*** SOURCE MATERIAL Section Begins ***
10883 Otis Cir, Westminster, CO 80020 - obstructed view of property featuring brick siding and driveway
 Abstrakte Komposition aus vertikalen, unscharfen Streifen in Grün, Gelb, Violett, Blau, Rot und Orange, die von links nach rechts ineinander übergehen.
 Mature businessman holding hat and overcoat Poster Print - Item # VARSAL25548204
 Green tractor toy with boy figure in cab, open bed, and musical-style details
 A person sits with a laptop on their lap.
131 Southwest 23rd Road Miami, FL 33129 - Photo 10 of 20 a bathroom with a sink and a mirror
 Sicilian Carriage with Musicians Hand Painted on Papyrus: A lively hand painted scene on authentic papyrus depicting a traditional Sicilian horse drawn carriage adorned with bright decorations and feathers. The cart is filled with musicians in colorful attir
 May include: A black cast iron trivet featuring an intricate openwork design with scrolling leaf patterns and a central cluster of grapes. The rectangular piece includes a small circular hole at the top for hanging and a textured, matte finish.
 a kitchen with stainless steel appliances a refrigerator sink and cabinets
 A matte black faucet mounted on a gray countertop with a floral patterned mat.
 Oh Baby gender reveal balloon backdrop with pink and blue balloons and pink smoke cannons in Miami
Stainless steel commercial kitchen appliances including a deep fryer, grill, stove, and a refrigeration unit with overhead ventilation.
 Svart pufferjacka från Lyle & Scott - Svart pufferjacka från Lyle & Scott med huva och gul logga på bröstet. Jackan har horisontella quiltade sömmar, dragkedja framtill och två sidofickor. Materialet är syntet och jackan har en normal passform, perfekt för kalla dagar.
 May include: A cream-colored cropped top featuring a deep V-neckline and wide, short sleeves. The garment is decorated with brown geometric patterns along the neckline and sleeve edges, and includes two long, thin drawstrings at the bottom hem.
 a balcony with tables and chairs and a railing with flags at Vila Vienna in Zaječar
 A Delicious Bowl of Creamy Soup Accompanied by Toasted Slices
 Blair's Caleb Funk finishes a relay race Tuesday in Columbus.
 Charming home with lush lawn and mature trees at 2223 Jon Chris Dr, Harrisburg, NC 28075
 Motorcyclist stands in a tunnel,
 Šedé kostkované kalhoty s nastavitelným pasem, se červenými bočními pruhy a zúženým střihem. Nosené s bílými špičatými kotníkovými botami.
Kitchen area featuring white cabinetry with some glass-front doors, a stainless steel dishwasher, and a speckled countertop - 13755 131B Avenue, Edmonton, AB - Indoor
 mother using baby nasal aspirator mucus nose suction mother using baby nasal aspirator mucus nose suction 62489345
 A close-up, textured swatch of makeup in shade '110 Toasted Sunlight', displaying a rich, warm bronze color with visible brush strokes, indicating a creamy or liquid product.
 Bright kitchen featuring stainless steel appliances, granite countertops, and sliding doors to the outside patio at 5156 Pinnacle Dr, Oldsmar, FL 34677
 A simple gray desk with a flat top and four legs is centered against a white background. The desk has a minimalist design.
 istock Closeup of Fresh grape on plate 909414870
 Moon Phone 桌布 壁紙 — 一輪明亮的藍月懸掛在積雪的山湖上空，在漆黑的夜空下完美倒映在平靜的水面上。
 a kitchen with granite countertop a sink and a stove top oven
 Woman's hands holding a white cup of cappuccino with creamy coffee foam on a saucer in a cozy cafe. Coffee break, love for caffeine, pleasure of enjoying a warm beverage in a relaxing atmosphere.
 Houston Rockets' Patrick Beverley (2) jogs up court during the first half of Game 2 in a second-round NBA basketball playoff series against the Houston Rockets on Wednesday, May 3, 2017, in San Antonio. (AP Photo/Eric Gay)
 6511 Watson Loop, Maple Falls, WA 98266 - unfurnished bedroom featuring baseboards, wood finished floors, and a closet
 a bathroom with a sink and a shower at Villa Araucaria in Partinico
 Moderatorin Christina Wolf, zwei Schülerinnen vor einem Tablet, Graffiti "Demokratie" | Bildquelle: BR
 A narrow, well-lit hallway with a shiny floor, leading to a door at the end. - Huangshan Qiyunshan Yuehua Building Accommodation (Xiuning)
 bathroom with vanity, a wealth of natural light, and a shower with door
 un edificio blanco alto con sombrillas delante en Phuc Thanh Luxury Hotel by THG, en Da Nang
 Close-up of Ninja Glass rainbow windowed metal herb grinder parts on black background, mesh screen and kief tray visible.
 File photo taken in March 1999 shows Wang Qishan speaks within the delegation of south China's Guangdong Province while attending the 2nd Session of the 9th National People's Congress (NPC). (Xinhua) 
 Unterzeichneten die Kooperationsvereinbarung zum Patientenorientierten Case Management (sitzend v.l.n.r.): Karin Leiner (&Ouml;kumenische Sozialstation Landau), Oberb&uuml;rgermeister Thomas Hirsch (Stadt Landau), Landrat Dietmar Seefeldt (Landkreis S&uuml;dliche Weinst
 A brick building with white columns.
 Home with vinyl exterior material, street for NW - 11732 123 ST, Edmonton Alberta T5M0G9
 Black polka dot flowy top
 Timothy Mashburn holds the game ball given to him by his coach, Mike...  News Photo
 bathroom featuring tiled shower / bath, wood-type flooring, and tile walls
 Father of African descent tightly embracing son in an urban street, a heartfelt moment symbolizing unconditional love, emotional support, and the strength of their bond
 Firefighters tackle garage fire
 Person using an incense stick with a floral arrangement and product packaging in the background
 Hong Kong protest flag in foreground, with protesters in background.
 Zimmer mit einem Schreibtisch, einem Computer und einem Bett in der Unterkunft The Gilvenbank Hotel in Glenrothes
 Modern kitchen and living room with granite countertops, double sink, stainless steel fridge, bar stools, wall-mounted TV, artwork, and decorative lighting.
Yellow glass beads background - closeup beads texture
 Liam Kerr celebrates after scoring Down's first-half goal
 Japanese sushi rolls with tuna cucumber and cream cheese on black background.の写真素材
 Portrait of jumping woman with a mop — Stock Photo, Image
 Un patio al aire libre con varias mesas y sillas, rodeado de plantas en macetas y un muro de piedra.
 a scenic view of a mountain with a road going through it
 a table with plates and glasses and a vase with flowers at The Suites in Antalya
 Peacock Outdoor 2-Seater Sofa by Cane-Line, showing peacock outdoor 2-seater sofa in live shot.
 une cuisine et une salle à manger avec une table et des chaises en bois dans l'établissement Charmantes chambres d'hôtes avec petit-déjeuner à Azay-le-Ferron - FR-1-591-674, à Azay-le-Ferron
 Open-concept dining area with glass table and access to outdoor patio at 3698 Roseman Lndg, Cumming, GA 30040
*** SOURCE MATERIAL Section Ends ***
Begin with the line that has "Mature businessman holding" in the listing above and end after the line that has "A person sits with a laptop on their lap."; output those lines exactly.

> _TASK OUTPUT_:
 Mature businessman holding hat and overcoat Poster Print - Item # VARSAL25548204
 Green tractor toy with boy figure in cab, open bed, and musical-style details
 A person sits with a laptop on their lap.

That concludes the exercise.